### Assigned task
Would you retype, word for word, the line with "vidaXL Cadre de" and each line after it to the end of the entries below, leaving the pictures out?

━━━━━ Provided data

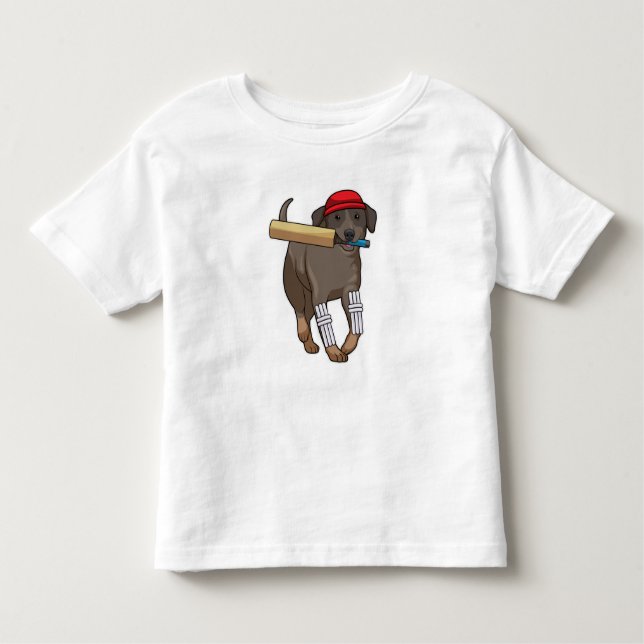 Camiseta Cachorro no Cricket com morcego de Cricket (Frente)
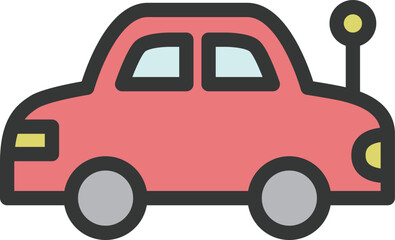 カラーシンプルベビー用品関連の単品アイコン　乗り物のおもちゃ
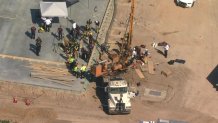 A construction worker was accidentally killed Wednesday by a drilling machine being operated by his grandfather, authorities say.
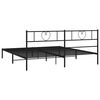 vidaXL Cadre de lit m&eacute;tal sans matelas et t&ecirc;te de lit noir 180x200 cm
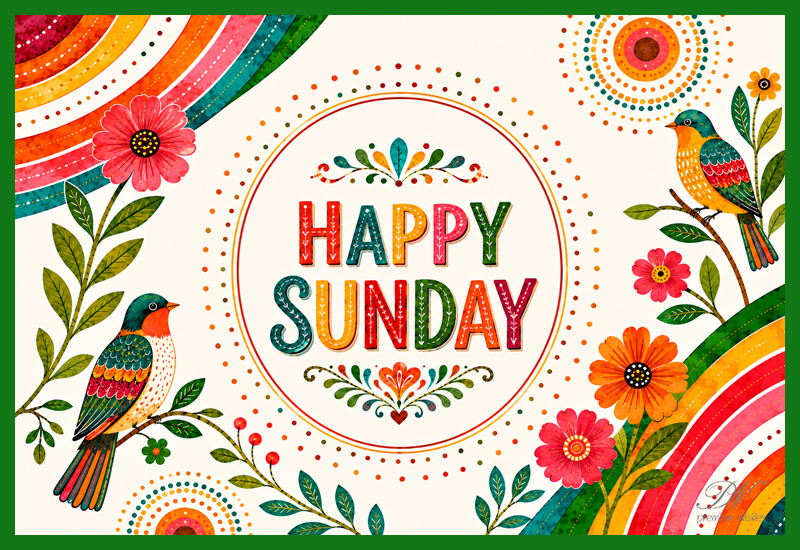 Happy Sunday Colorful Folk Birds Floral Greeting Happy Sunday Colorful Folk Birds Floral Greeting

━━━━━━━━━━

### Written answer
 vidaXL Cadre de lit m&eacute;tal sans matelas et t&ecirc;te de lit noir 180x200 cm
 Happy Sunday Colorful Folk Birds Floral Greeting Happy Sunday Colorful Folk Birds Floral Greeting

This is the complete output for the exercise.